Infrastructure-as-Code (IaC) is a key part the cloud technology landscape which has meant I’ve had many discussions with people who traditionally haven’t had to worry about software development practices in their roles as IT Operators.
One key area that seems to undo a lot of folks is file versioning using source control, with the prevailing tech in this space being Git.
I’ll be honest and say that Git can seem like a bit of a beast if you try and digest anything more than introductory content!
In this post I’m going to look at what I think are the basics you need to know and show you a quick way to start working with Git without needing to install a bunch of tools.
It’s a good question! 🙂
Git has become the prevailing source control system of choice, but it is by no means the only one. Many concepts you learn with Git can be easily re-used with other source control systems.

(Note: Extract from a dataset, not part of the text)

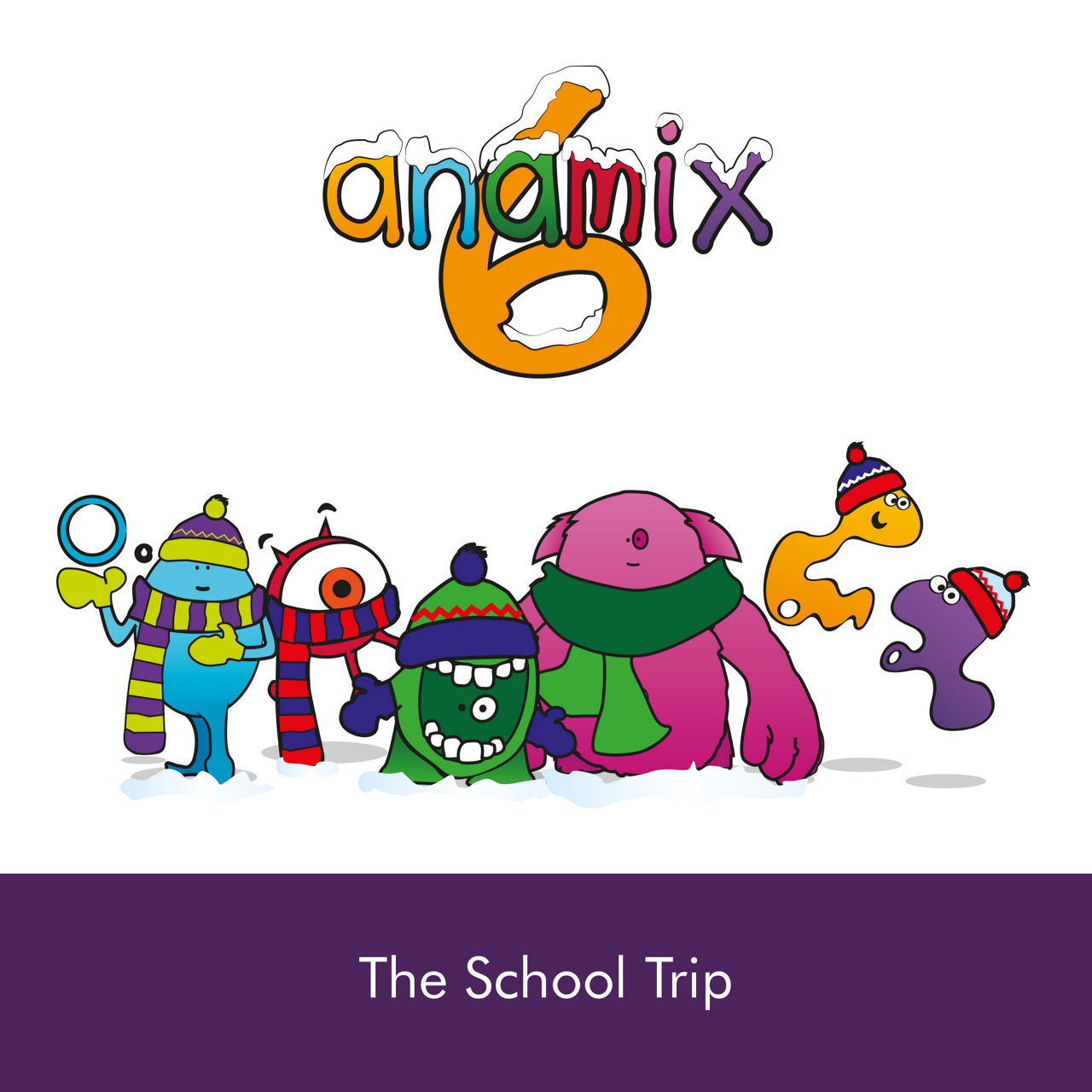 Anamix 6 The School Trip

The main features of Git that have made it appeal to people (in my opinion) are:
- It’s a distributed (and not centralised) version control system. This means you can work with files and use source control while not connected to the origin system
- Actions on the system are relatively light-weight. A key example is creating a branch which uses a smart approach to making copies of the source branch thus reducing the overhead of creating and managing branches (🤓 advanced reading)
- It’s widely used which means selecting it to use in your environment won’t make it hard to hire (or train) people who can use it.

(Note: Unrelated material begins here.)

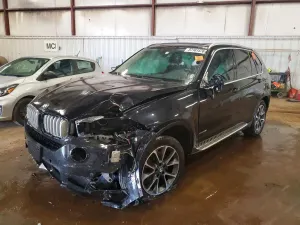 BMW X5 3.0L 6 2018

On a side note, Microsoft has adopted Git (as part of Azure DevOps) as its source control platform of choice. Read Brian Harry’s 2017 blog post which is really interesting and touches on Microsoft’s contributions back into Git based on using it for source control for Windows’ source code (300 GB and 6 million files!)
Important Git Concepts and Commands
There are a few key concepts and commands you need to understand in order to work with Git. I’ve tried to order these in a way that you can build up on concepts as you read.
- The core of Git. A repository contains all your source code and tracks changes to it over time. Think of it is a journaling filesystem with an inbuilt recycling bin for deleted items.
- If you want to work on an existing repository you can clone (or copy) it locally to your machine. When you clone a repository a link is created between your local clone and the origin repository. When you run most commands locally you will be interacting with your local copy and not the origin.
- Forking is a concept that originated with GitHub, and strictly speaking isn’t a part of Git itself. When you fork a repository you make a linked copy of it, but it is not a clone. You typically fork a repository when you want to contribute content to the repository but don’t have contributor rights on it. A forked repository still has a relationship with the original which means you can submit to, or receive changes from, it in the form of Pull Requests which we cover below (🤓 advanced reading).
- Think of a branch as a folder in a filesystem. By default every repository has one branch named master. You can create multiple, related branches and name them as you see fit (🤓 advanced reading). You can even branch locally without ever publishing the branch back to the origin!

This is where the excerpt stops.